# Material provided

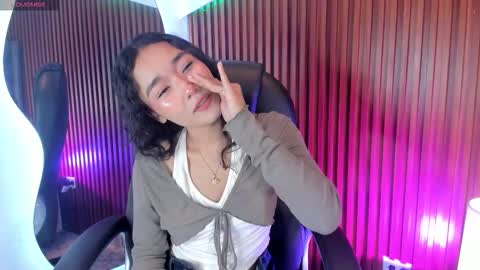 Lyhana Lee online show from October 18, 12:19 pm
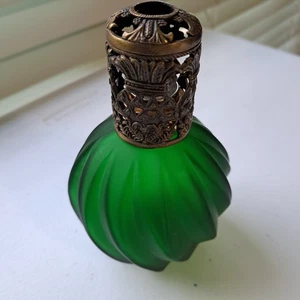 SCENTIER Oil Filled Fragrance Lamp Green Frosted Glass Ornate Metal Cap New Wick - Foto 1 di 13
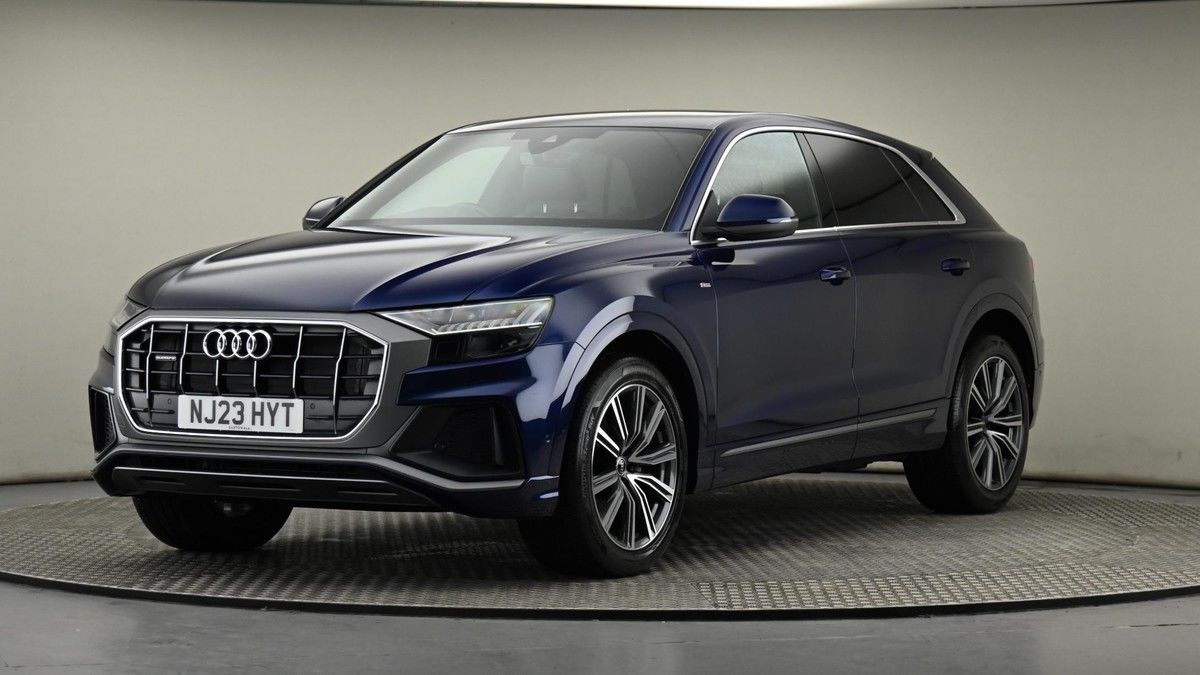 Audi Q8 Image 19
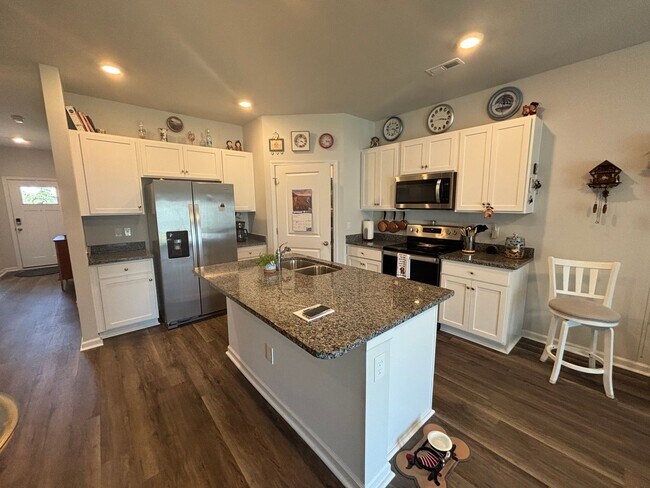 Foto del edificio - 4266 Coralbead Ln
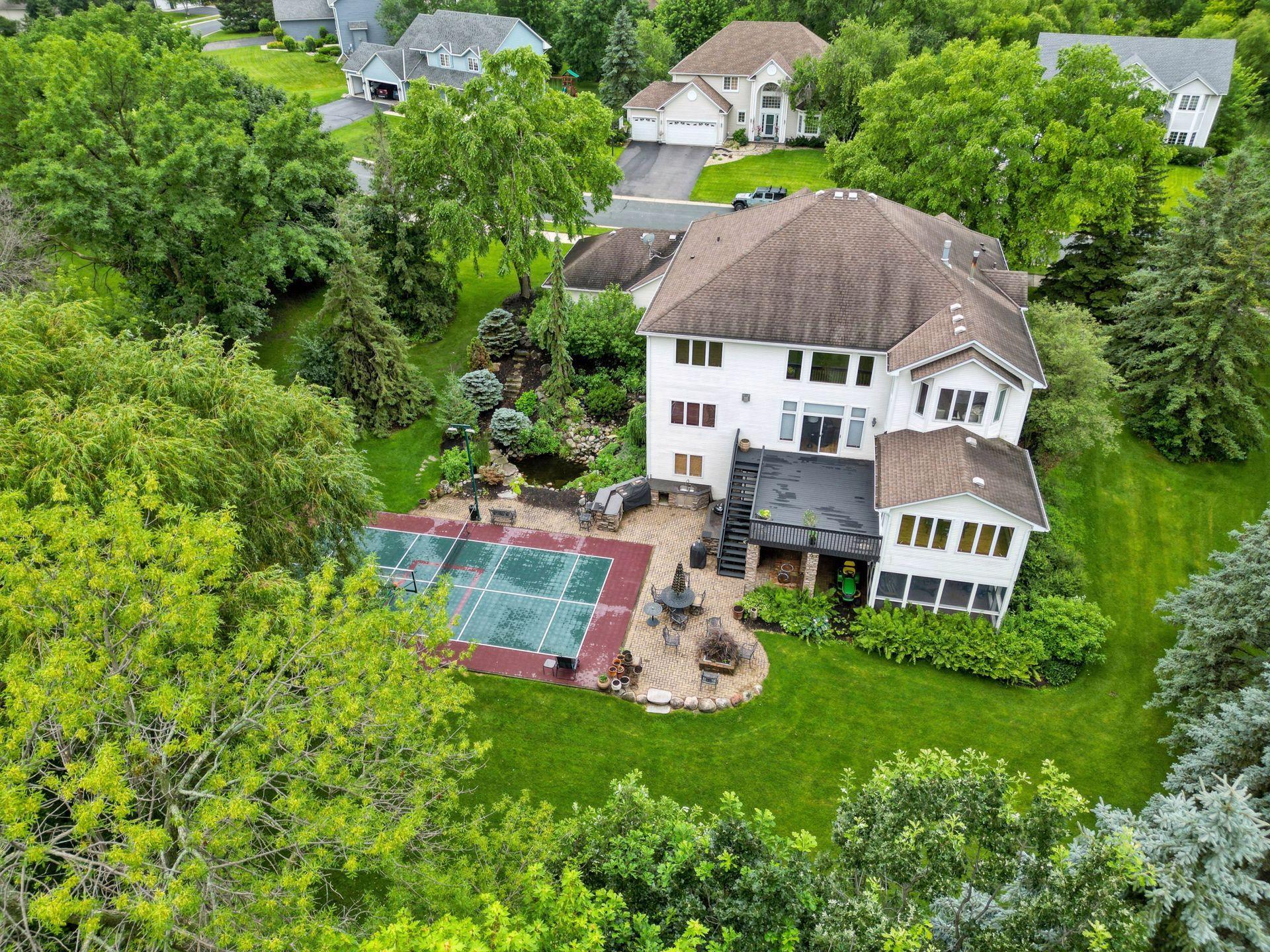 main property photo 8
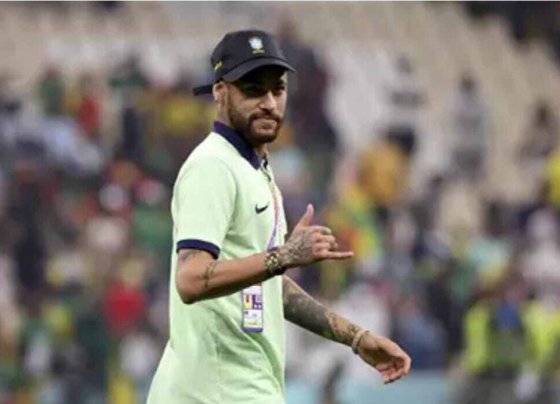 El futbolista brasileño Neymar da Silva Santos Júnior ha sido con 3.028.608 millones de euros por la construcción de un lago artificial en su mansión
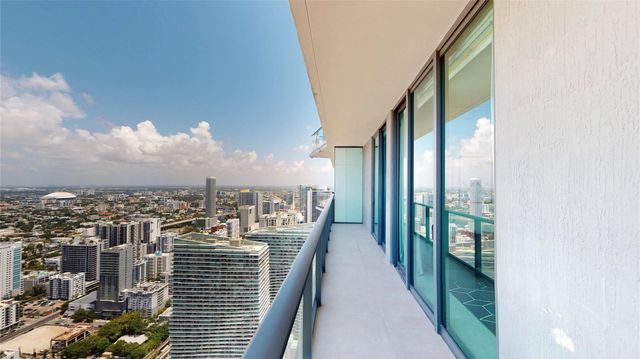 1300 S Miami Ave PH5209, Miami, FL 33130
...
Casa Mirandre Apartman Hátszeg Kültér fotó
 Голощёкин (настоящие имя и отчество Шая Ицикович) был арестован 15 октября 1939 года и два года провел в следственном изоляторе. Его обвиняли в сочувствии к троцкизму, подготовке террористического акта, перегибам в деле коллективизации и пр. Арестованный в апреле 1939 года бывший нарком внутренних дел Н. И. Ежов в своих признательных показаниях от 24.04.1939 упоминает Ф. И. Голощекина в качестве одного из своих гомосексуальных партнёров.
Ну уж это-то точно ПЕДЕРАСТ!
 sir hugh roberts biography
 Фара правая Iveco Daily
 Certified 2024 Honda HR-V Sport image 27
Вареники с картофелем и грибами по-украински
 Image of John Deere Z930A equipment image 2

# Work to complete
Look above for the line holding "Ну уж это-то точно ПЕДЕРАСТ!". Print it and every line after it, exactly, through the line holding "Image of John Deere Z930A equipment image 2".

# Answer area
Ну уж это-то точно ПЕДЕРАСТ!
 sir hugh roberts biography
 Фара правая Iveco Daily
 Certified 2024 Honda HR-V Sport image 27
Вареники с картофелем и грибами по-украински
 Image of John Deere Z930A equipment image 2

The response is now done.